Short text fragments from websites:

☆ ☆ ☆ ☆ ☆

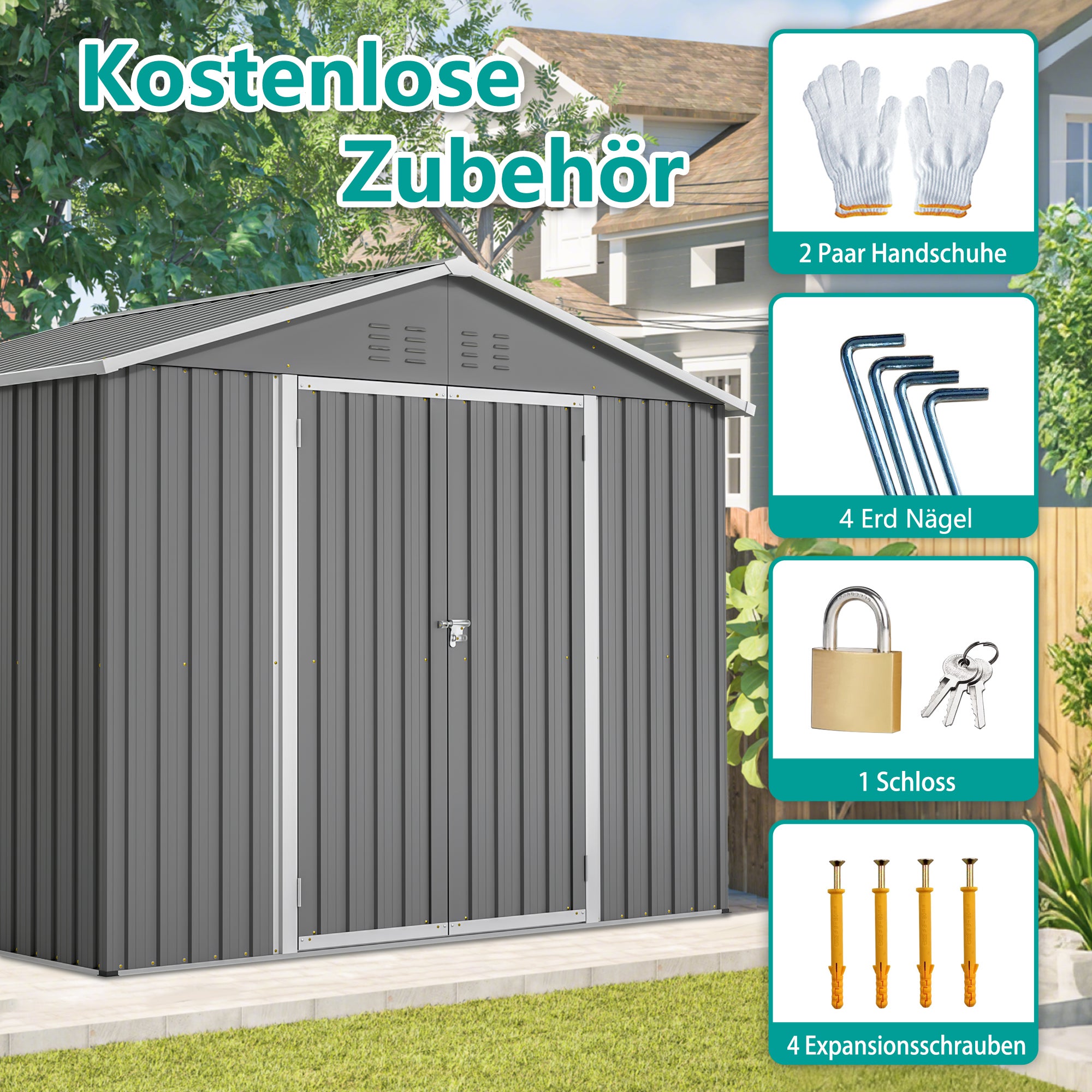 Caseta de jardín metálica con Techo 4,61 m²/240x192x191 cm, caseta para herramientas de acero galvanizado, Cobertizo Jardin Exterior - Gris antracita - 7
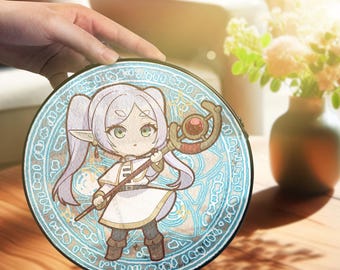 Frieren Stained Glass – Sousou no Frieren Art – Window Hanging Home Decor – Gift for Anime Lovers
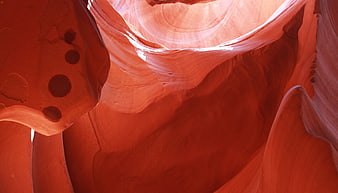 Red Sandstone Slot Canyon Interior With Natural Light Beams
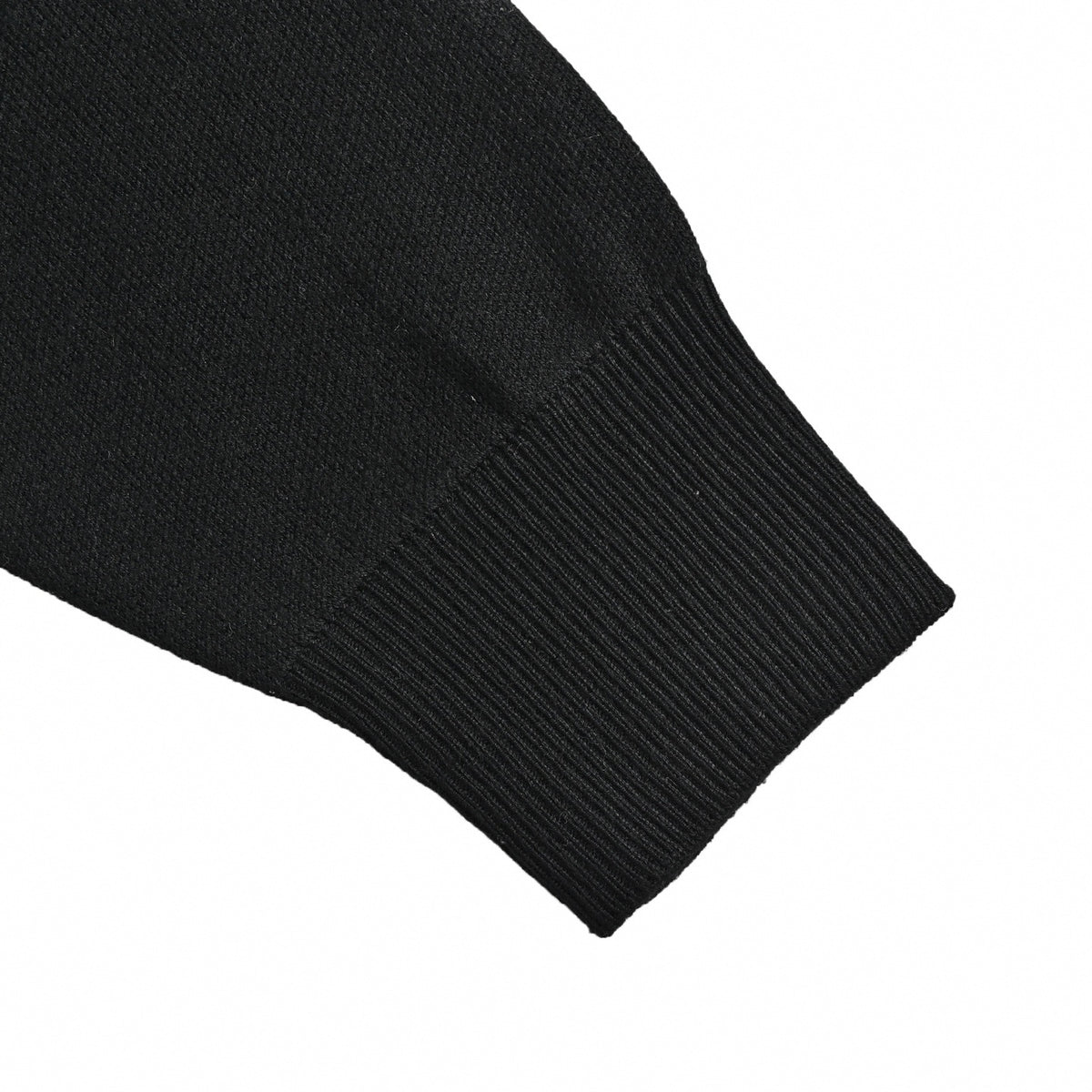 Metal CC Back Logo Half-Zip Wool Knit Sweater in Black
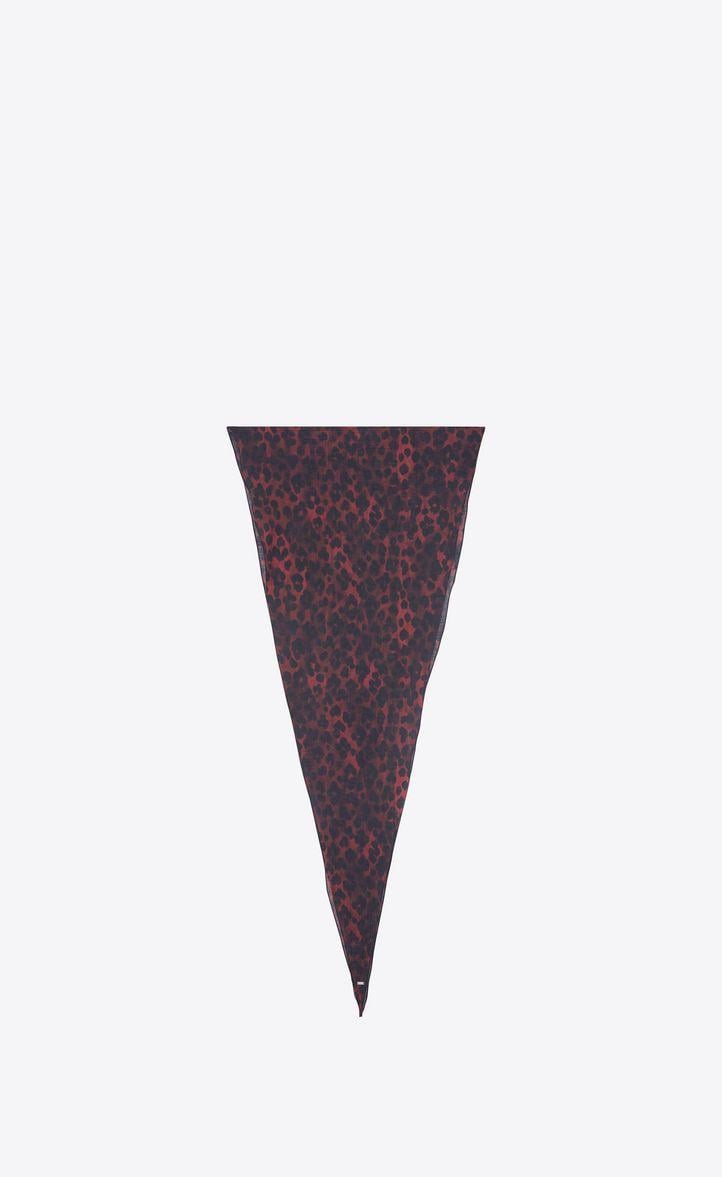 Red and Black Diamond Shaped Logo - Saint Laurent Large Diamond Shaped Leopard Scarf In Red And Black ...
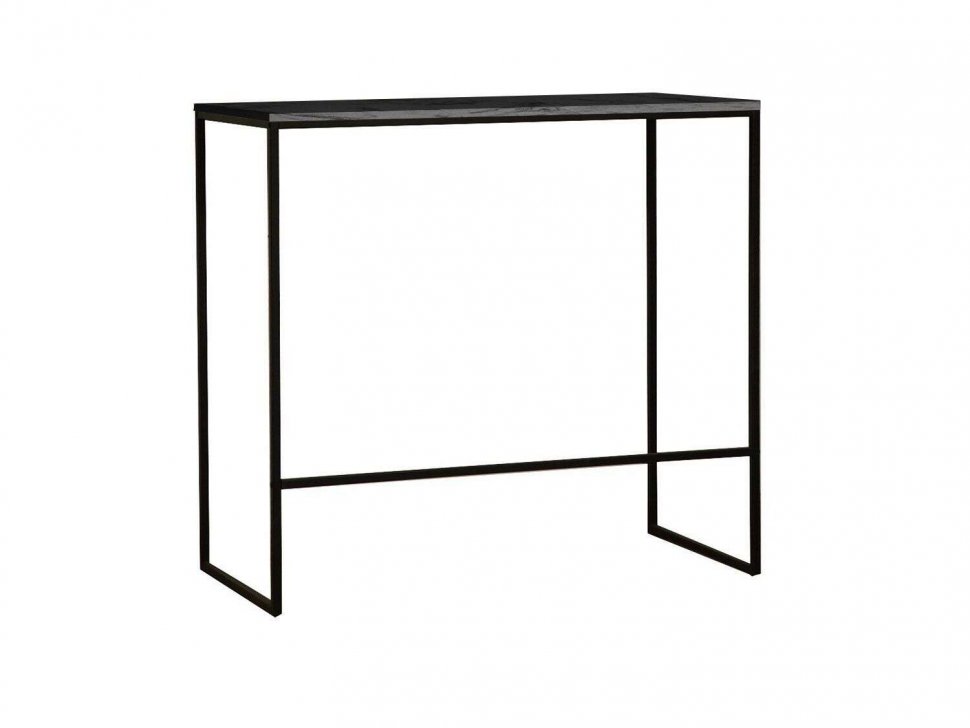 Стол обеденный 42.45 Бемоль Черный мрамор/металл черный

☆ ☆ ☆ ☆ ☆

_Exercise objective_
Exclude all images, then retype the records above without alteration.

_Answer to this problem_
 Caseta de jardín metálica con Techo 4,61 m²/240x192x191 cm, caseta para herramientas de acero galvanizado, Cobertizo Jardin Exterior - Gris antracita - 7
 Frieren Stained Glass – Sousou no Frieren Art – Window Hanging Home Decor – Gift for Anime Lovers
 Red Sandstone Slot Canyon Interior With Natural Light Beams
 Metal CC Back Logo Half-Zip Wool Knit Sweater in Black
 Red and Black Diamond Shaped Logo - Saint Laurent Large Diamond Shaped Leopard Scarf In Red And Black ...
 Стол обеденный 42.45 Бемоль Черный мрамор/металл черный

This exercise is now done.